MATERIALS AND METHODS

Preparation of Brain Samples.

Human brain cortex was obtained at autopsy from patients ranging in age from 44 to 88 years old. Twenty-one samples, from donors age 44–79, showed no evidence of neurological disorders, whereas two samples, from donors ages 81 and 88, showed neuropathological and clinical evidence of AD. The brain samples were homogenized in Tris-buffered saline (TBS) with a teflon glass dounce. TBS consists of 50 mM Tris⋅HCl, pH 7.4, 150 mM NaCl, plus protease and phosphatase inhibitors (1 mM phenylmethylsulfonyl fluoride/1 μg/ml each of leupeptin, pepstatin, and aprotinin/5 μM okadaic acid/0.1 mM sodium orthovanadate). The homogenates were centrifuged at 12,000 × g; the pellets were extracted with 1% Triton X-100 in TBS and recentrifuged at 12,000 × g, and the supernatants were collected. The resulting proteins were separated by 13% SDS/PAGE and transferred to nitrocellulose membranes. Samples were not heated before loading. The membranes were blocked with 10% milk, PBS, and 0.1% Tween 20 and incubated overnight at 4°C in primary antibody diluted in 5% milk and PBS and developed by using peroxidase conjugated secondary antibodies (Zymed) with chemiluminescent detection (ECL, Amersham).

cDNA Constructs.

Mutations were produced by PCR-based site-directed mutagenesis using wild-type PS1 lacking the VRSQ motif as a template. The human 4 repeat tau cDNA (htau40; 4R) was a gift from M. Goedert, MRC Laboratory of Molecular Biology, Cambridge, U.K. Three repeats (3R), no repeats (ΔR), and NΔR were produced by PCR-based site-directed mutagenesis by using the 4R tau as a template. After subcloning the products into the pCIneo vector (Promega), the sequences were confirmed by sequencing the entire region.

Transfection.

COS-7 cells were cultured in DMEM and 10% fetal bovine serum. For transient expression, 5 × 10⁵ cells were plated on 10-cm² dishes and grown overnight.

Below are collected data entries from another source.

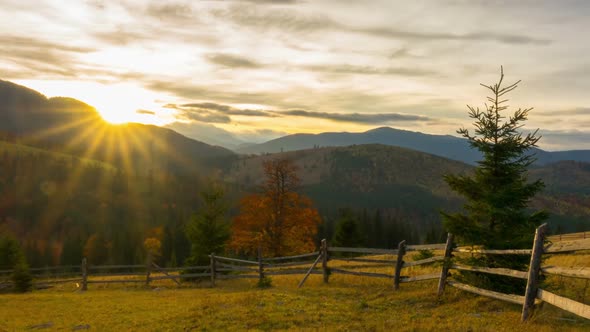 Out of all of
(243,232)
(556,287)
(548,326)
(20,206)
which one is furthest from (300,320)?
(20,206)

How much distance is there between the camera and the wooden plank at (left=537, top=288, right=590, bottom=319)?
26.6 ft

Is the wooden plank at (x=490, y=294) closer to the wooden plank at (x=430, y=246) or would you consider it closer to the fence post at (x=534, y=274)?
the fence post at (x=534, y=274)

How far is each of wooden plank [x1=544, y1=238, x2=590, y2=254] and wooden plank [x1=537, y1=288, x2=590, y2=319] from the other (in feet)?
3.56

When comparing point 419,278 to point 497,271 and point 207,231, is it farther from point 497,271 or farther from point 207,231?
point 207,231

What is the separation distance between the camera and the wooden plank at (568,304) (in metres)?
8.09

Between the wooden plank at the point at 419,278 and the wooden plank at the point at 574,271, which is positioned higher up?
the wooden plank at the point at 574,271

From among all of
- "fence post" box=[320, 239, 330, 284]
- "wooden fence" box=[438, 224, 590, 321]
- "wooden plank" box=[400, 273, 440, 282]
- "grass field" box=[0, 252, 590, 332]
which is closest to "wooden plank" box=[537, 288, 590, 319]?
"wooden fence" box=[438, 224, 590, 321]

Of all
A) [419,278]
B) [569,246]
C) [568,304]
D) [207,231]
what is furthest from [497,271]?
[207,231]

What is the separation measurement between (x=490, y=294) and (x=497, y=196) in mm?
3240

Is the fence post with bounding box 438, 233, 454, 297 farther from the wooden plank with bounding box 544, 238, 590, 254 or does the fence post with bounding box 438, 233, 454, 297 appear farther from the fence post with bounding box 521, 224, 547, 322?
the wooden plank with bounding box 544, 238, 590, 254

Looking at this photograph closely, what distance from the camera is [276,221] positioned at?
1507 inches

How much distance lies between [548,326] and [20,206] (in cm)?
21935

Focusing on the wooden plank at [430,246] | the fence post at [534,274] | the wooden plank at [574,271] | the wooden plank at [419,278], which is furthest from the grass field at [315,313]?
the wooden plank at [430,246]

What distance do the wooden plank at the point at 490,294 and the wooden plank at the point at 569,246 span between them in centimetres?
181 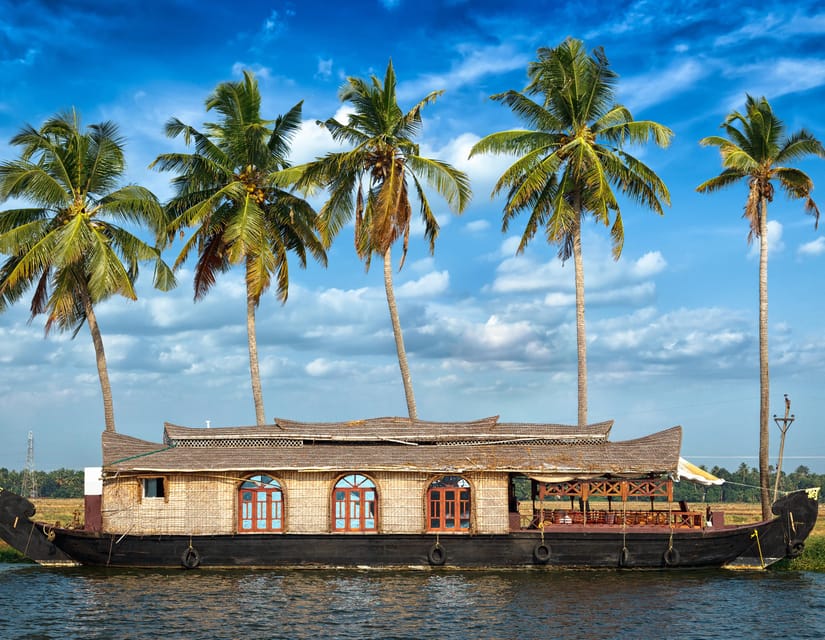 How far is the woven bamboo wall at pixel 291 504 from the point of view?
22844 millimetres

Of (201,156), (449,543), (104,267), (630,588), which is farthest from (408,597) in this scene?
(201,156)

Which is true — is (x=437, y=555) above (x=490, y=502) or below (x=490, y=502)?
below

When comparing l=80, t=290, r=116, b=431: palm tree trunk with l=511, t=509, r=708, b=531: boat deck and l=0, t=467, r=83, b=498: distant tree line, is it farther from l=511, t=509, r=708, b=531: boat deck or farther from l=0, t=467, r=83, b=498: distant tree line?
l=0, t=467, r=83, b=498: distant tree line

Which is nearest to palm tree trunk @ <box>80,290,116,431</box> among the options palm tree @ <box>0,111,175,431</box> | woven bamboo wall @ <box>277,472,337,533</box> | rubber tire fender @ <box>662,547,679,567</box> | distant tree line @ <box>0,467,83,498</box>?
palm tree @ <box>0,111,175,431</box>

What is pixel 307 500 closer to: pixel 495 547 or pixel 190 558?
pixel 190 558

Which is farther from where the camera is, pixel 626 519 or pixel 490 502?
pixel 626 519

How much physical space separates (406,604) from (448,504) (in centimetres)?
472

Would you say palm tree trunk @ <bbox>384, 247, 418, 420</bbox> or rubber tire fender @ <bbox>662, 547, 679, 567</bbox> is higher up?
palm tree trunk @ <bbox>384, 247, 418, 420</bbox>

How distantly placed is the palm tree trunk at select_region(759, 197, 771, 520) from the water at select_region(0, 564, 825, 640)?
4.40 meters

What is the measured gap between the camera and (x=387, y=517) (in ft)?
75.0

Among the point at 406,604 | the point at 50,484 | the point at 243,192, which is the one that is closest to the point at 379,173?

Each cDNA (2 μg/ml) was transfected into COS-7 cells by using LipofectAMINE (4 μl/ml; GIBCO/BRL), and the cells were harvested after 48 hr in TBS and 1% Triton X-100. The lysates were then centrifuged at 15,000 rpm at 4°C, the supernatant was collected and used for experiments.

Immunoprecipitation.

For immunoprecipitation, the cell extracts from each transfection were preincubated with protein G Sepharose (Pharmacia) and then incubated with the indicated antibodies at 4°C overnight. The immunocomplexes were precipitated by incubation with protein G Sepharose at room temperature for 2 hr, washed five times in TBS and 1% Triton X-100, and eluted with 0.1 M glycine (pH 2.5). For detection of tau and GSK-3β, the immunoprecipitates were eluted by incubation with Laemli sample buffer at 95°C for 3 min.

Immuno-Affinity Column.

The mAb MKAD3.4 was purified from conditioned medium on protein G (Pharmacia) coupled to CNBr-activated Sepharose 4B (Pharmacia). Triton X-100-extracted brain samples were prepared as stated above and loaded overnight at 4°C. After washing with 10-column volumes TBS and 1% Triton X-100, the proteins were eluted in 0.1 M glycine, pH 2.7 (500 μl/fraction), and the samples were neutralized immediately with 1 M Tris, pH 9.0.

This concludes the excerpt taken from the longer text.